Coordination Pipeline
How the agents coordinate to turn market data into a per-user, risk-filtered, execution-ready trade signal.
The Pipeline
Every perp trade recommendation follows the same path. No shortcuts, no special cases. (Prediction-market reads run on their own simpler track inside Plop and do not flow through this chain.)
Vanta (structure) ─┐
Luma (signals) ──┤── Riven (consensus) → Brix (per-user risk) → Koda (execution) → Trading Engine
Meridian (macro) ──┘Three sensing agents publish independently. Riven debates their opinions and publishes one plan. Brix sizes it per user. Koda wraps it with execution guidance. The trading engine fills it.
Step by Step
1. Environment Read
Three agents run in parallel on independent triggers:
| Agent | Trigger | What it publishes |
|---|---|---|
| Vanta | Candle close (default 15m) | Structure, regime, momentum, volume, outlook |
| Luma | Candle close (default 5m) | OI, funding, volume, flow → directional bias score (-100 to +100) |
| Meridian | Macro release events + periodic refresh | Sentiment score (-100 to +100), catalyst alerts |
They don't call each other. They don't share state. They publish.
2. Consensus
On each candle close at Riven's trigger timeframe, Riven:
- Waits ~15 seconds for the upstream analyses to land.
- Opens a structured debate among Vanta, Luma, and Meridian.
- Collects each agent's opinion: direction, confidence, key levels, reasoning.
- Synthesizes one recommendation and applies penalties for stale data, missing agents, or strong disagreement.
- Publishes if confidence clears the threshold (default 0.6). Otherwise, silence.
The full debate is visible in the War Room.
3. Per-User Risk Filter
Brix takes the one Riven recommendation and evaluates it for every active user:
- Pre-filter — zero balance, max positions, daily loss limit
- Exchange routing — pick the user's best exchange (or paper)
- Personal scoring — adjust direction/confidence against user's strategy profile
- Risk evaluation — first-trade cap, confidence scaling, portfolio risk impact, exposure cap
- Reservation accounting — prevent over-allocation in the same round
Users that pass get a per-user signal.
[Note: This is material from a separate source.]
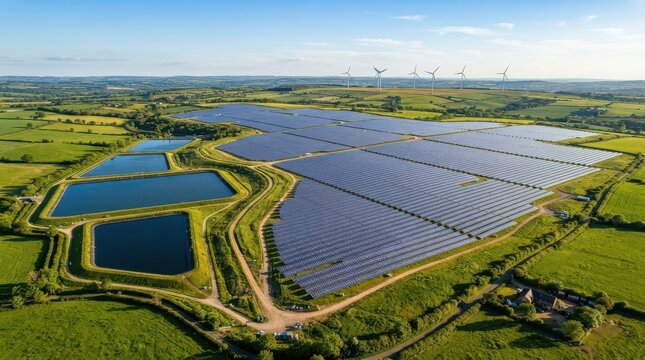 Aerial view of a large solar farm and wind turbines in a green landscape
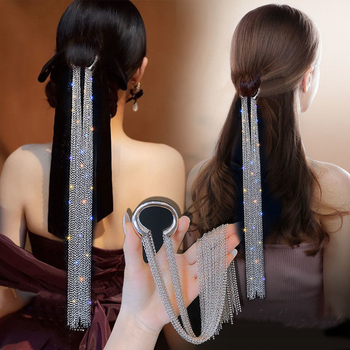 Euroopa ja Ameerika piiriülene liialdatud pikkade juuste kettidega mitmekihiline tutiga juuste aksessuaarid naiste luksuslikud elegantsed peakatted juuste templiga uus trend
Users that don't are rejected with a recorded reason.
Brix is deterministic. No AI in the risk path. Same inputs, same decision.
4. Execution Guidance
Koda wraps each per-user signal with:
- Entry style (sniper / ladder / market)
- Order type (market / limit)
- Slippage estimate
- Human-readable execution notes
The wrapped notification is what you see and what the auto-execution path consumes.
5. Your Decision
Autonomy levels per agent decide how much confirmation is required. Even at Full Auto, Brix's risk limits are never bypassed.
6. Trading Engine
The engine runs the order via the configured exchange adapter and manages the position lifecycle.
When Agents Disagree
Disagreement is handled inside the consensus debate, not in a separate layer:
- Luma bullish + Vanta uncertain — Riven reduces synthesized confidence. May fall below the broadcast threshold.
- Riven aggressive + Meridian risk-off — macro penalty pulls confidence down.
- Upstream agent missing or stale — staleness penalty applied automatically.
If penalties push confidence below the threshold, Riven publishes nothing. The desk stays silent rather than guesses.
Trigger Cadence
The pipeline is event-driven, not polled:
| Agent | Fires on |
|---|---|
| Vanta | Candle close (default 15m) |
| Luma | Candle close (default 5m) |
| Meridian | Macro release events + scheduled refresh |
| Riven | Candle close (default 15m), after upstream wait |
| Brix | Each Riven recommendation |
| Koda | Each Brix per-user signal |
User Chat Routing
When you send a message to the desk, the Orchestrator routes it to the right agent. It uses keyword matching first, then falls back to an intelligent router if no keyword matches. Guards prevent runaway conversations: max 5 hops per turn, a token budget, and a cap of 3 agents per turn. The agent registry refreshes automatically so the Orchestrator always knows what's available.
Why This Architecture
- Specialization. Each agent does one thing well instead of one model doing everything poorly.
- Consensus, not autocracy. Riven won't publish unless the desk reaches sufficient agreement.
- Deterministic risk. Brix is pure logic. No hallucination risk in the risk path. Fully auditable.
- Transparency. The full consensus debate is visible. You can read the reasoning chain before you approve.
- Graceful degradation. If an upstream agent goes offline, Riven applies a penalty and continues with reduced confidence — the desk doesn't crash.